Qui a peur de la mort? de cette dernière en est un bon exemple, non seulement parce qu’Okorafor y renverse les tropes éculés de la littérature post-cataclysmique, mais par son ancrage dans les réalités africaines et sa grande qualité d’écriture. Le roman, gagnant du prix World Fantasy du meilleur livre en 2011 et du prix Imaginales du meilleur roman étranger en 2014, met en scène un Soudan plusieurs décennies après qu’une guerre nucléaire aie dévasté la planète. La nation Nuru, dominante et aux visées hégémoniques, décide de suivre les dictats du Grand Livre et d’exterminer leurs voisins Okeke. Fille de la seule survivante d’un village décimé et enfant du viol, Onyesonwu (dont le nom signifie « Qui a peur de la mort? ») révèle son destin magique par sa peau et ses cheveux couleur de sable. Emplie des pouvoirs surnaturels de ses ancêtres, elle est une eshu, une changeuse de forme. Attachante et vive d’esprit, elle traverse le désert pour arrêter le génocide de son peuple et tuer le général ennemi, son père. Avec une prose nue, présentant de manière aussi réalistes les horreurs de la guerre et les bonheurs de la libération.
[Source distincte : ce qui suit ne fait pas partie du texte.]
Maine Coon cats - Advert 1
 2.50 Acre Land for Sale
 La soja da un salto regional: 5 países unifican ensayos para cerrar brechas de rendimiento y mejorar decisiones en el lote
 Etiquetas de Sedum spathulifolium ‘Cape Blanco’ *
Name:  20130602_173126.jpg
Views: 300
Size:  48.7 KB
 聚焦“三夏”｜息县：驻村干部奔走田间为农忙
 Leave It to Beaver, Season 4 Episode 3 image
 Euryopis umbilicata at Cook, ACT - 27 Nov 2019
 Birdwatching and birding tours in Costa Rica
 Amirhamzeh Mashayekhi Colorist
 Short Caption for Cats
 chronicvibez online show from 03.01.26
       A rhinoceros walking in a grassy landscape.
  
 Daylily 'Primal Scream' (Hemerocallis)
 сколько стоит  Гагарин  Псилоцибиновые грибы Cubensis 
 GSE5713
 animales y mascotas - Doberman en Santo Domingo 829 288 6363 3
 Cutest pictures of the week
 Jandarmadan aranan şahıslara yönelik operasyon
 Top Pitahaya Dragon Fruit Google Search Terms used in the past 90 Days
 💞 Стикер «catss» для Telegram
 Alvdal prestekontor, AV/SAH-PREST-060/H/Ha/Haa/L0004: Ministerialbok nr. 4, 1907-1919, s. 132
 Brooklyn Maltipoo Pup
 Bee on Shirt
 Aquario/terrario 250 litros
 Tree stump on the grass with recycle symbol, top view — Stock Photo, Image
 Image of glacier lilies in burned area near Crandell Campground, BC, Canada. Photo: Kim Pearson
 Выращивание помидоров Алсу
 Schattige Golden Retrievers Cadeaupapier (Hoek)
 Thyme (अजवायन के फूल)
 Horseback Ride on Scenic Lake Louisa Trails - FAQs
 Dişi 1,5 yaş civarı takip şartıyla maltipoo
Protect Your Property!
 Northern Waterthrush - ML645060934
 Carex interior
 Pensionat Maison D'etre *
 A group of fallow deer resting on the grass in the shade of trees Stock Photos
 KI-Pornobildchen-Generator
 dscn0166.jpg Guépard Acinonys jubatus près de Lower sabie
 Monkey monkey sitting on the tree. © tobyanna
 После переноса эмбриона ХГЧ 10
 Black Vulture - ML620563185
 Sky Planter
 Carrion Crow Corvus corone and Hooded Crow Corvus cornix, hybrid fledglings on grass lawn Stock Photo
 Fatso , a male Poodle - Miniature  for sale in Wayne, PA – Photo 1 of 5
Nnedi Okorafor est la fille de parents nigérians de culture igbo. Dans ses fictions, elle met en scène les Arushi de la même manière qu’un auteur nord-américain joue de l’imagerie chrétienne. Ces dieux, ces esprits font partie de la vie et des valeurs ambiantes de ses personnages autant que les ordinateurs, ou même les extra-terrestres dans son roman Lagoon (2014). Les ancêtres accordent des faveurs, les quatre directions transmettent des messages et les forces surnaturelles agissent sur le monde, tout comme l’électricité court dans le câblage.
Nombreux sont ceux qui pensent que le genre science-fictionnel au sens large s’essouffle depuis près de vingt ans. On en a fait encore l’argument d’un billet ici-même. Assurément, l’Afro-futurisme le ravive de sa torpeur, en permettant de ré-imaginer l’avenir à partir d’une perspective noire, de peupler l’espace avec des astronautes et des guerriers à la peau foncée. De toute évidence, quelques exécutifs de la télévision américaine le pensent aussi : Okorafor a annoncé que le roman est en cours de développement pour la télévision à HBO.
Qui a peur de la mort? devrait être un classique de la littérature de l’imaginaire, mais reste inconnu. J’espère que cela changera bientôt.
Nnedi OKORAFOR, Qui a peur de la mort? (trad. Who Fears Death par Laurent PHILIBERT-CAILLAT) Nouvelle édition chez Éditions-ActuSF, à venir en octobre 2017.